== Segment start ==

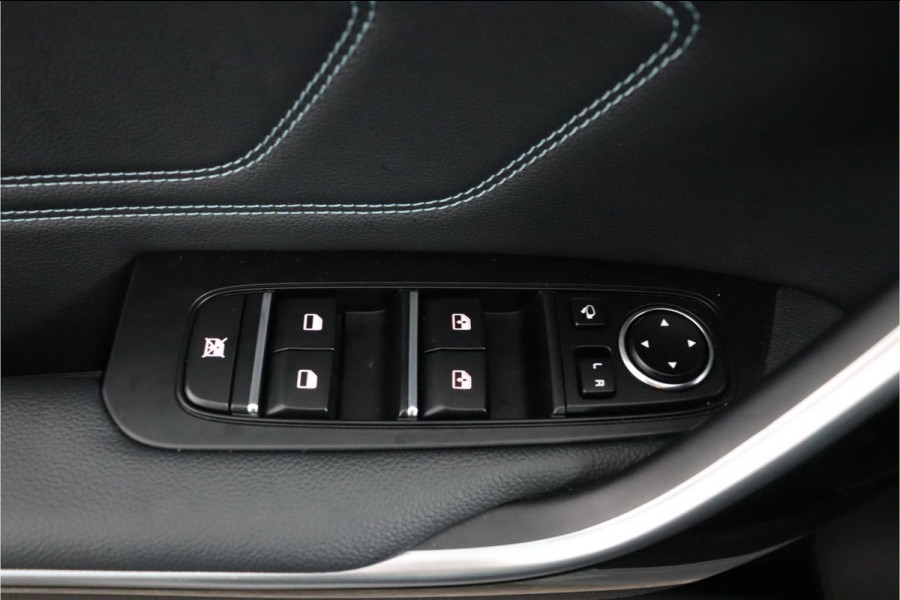 Kia Ceed 1.0 T-GDi MHEV Design Edition Automaat - Adaptive Cruise - Stoel/Stuurverwarming - DAB- Navigatie - Apple Carplay/Android Auto Fabrieksgarantie 17-04-2032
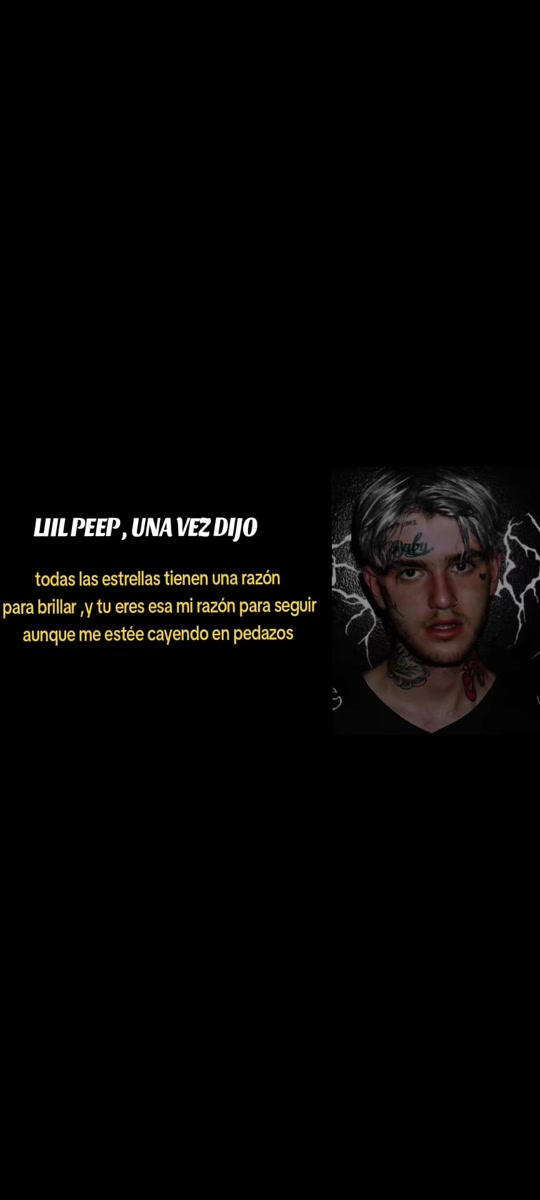 @unser45g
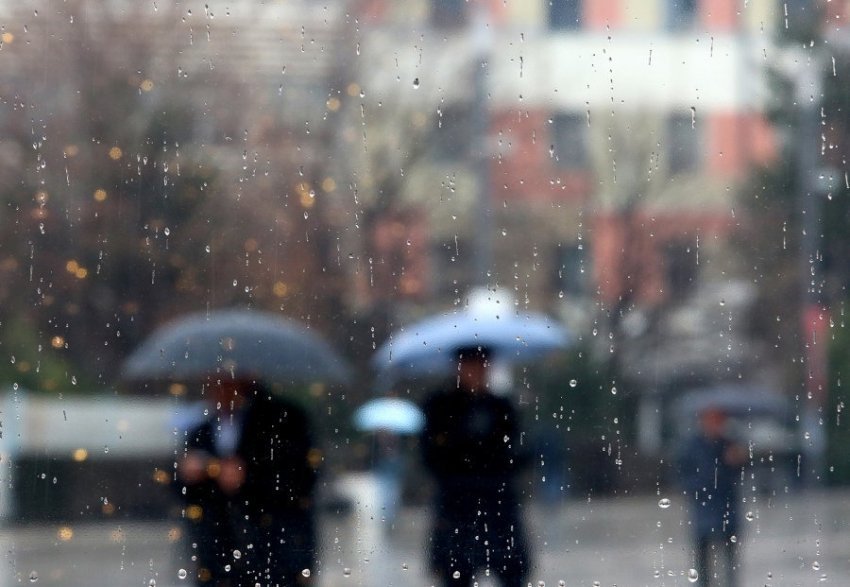 dita e balotazhit me mot te vranet dhe me riga shiu 691030ef380e1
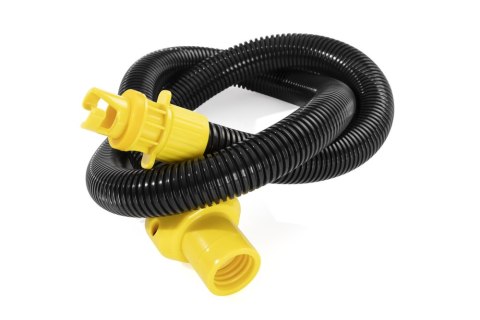 Pompka Elektryczna 12V Bestway 65315 Bestway Pompka Elektryczna 12V Bestway 65315 Bestway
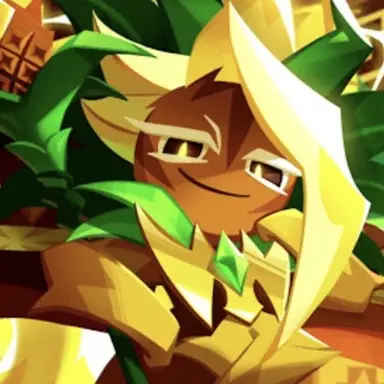 Profile image of パインドラゴン龍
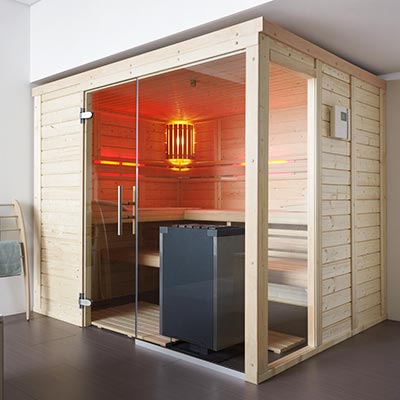sauna-sur-mesure-(2)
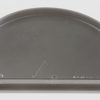 MS-623389 RESERVOIR DEKSEL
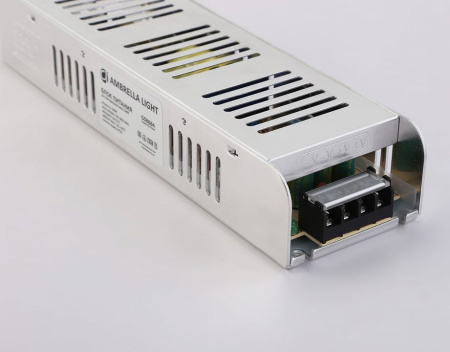 Блок питания Ambrella Light LED Driver GS8684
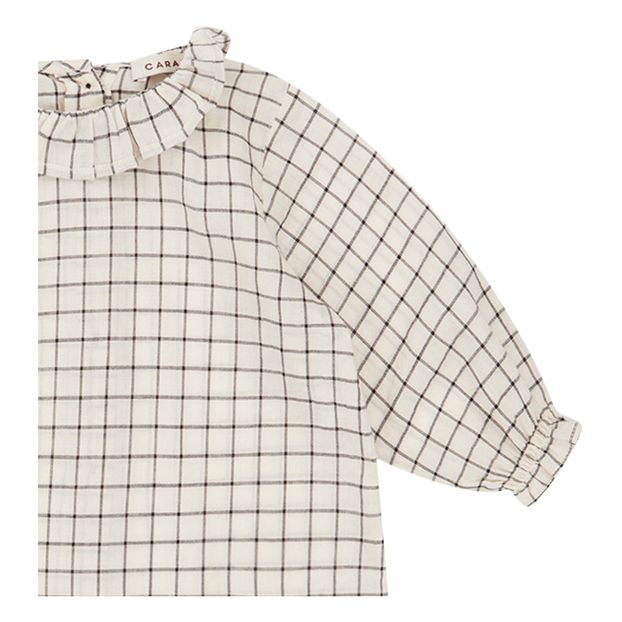 Blouse Victoria Bébé-product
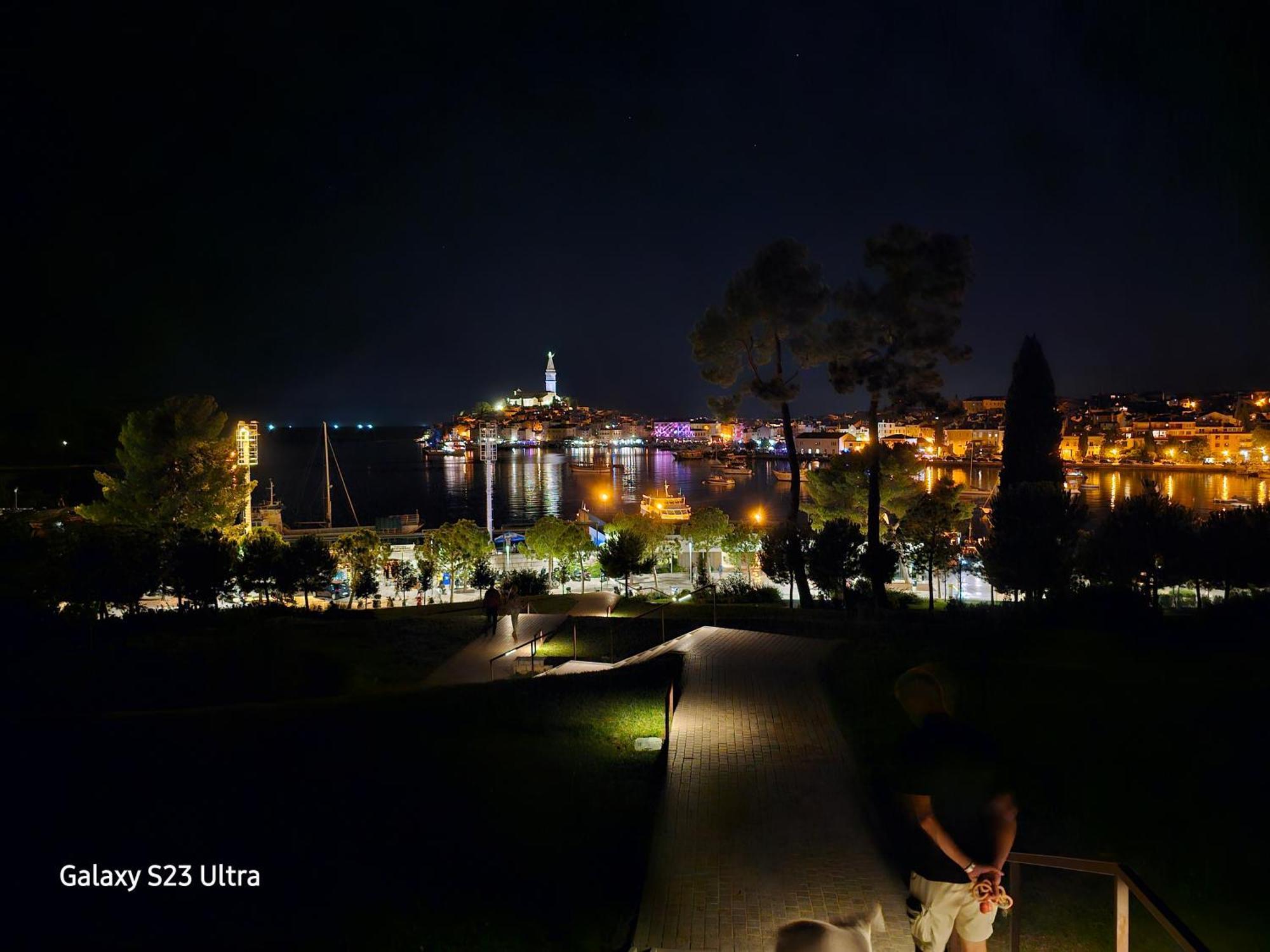 Apartments Ivo Rovinj Croatia المظهر الخارجي الصورة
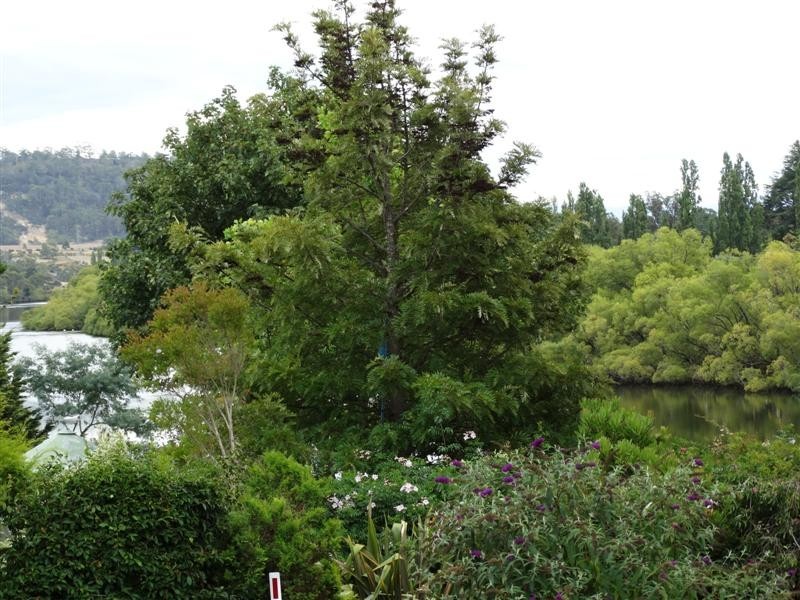 91 Glenora Road, New Norfolk TAS 7140
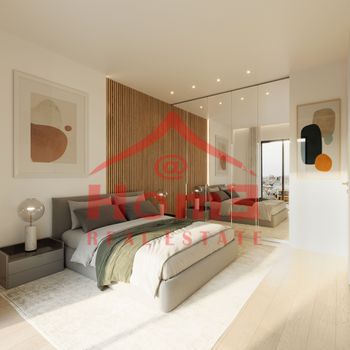 Apartment 102sqm for sale-Agios Dimitrios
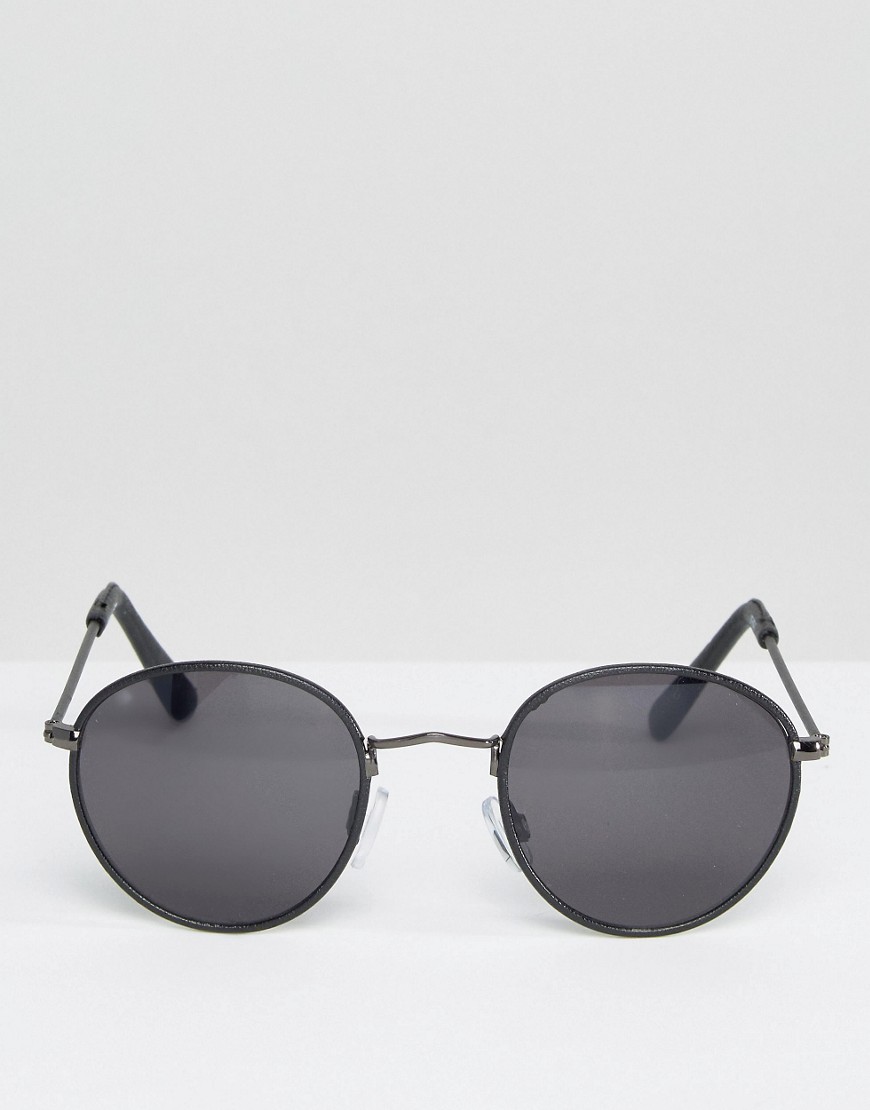 Czarne-okulary-przeciwsloneczne-no-size-1 Czarne-okulary-przeciwsloneczne-no-size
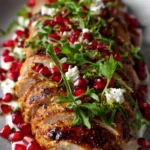 Best_Baked_Chicken_Breast_1773959330.3178835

== Segment end ==

Your assignment –
Where a record holds a picture, leave the picture out and restate the rest word for word.

Solution to this task –
 Kia Ceed 1.0 T-GDi MHEV Design Edition Automaat - Adaptive Cruise - Stoel/Stuurverwarming - DAB- Navigatie - Apple Carplay/Android Auto Fabrieksgarantie 17-04-2032
 @unser45g
 dita e balotazhit me mot te vranet dhe me riga shiu 691030ef380e1
 Pompka Elektryczna 12V Bestway 65315 Bestway Pompka Elektryczna 12V Bestway 65315 Bestway
 Profile image of パインドラゴン龍
sauna-sur-mesure-(2)
 MS-623389 RESERVOIR DEKSEL
 Блок питания Ambrella Light LED Driver GS8684
 Blouse Victoria Bébé-product
 Apartments Ivo Rovinj Croatia المظهر الخارجي الصورة
 91 Glenora Road, New Norfolk TAS 7140
 Apartment 102sqm for sale-Agios Dimitrios
 Czarne-okulary-przeciwsloneczne-no-size-1 Czarne-okulary-przeciwsloneczne-no-size
 Best_Baked_Chicken_Breast_1773959330.3178835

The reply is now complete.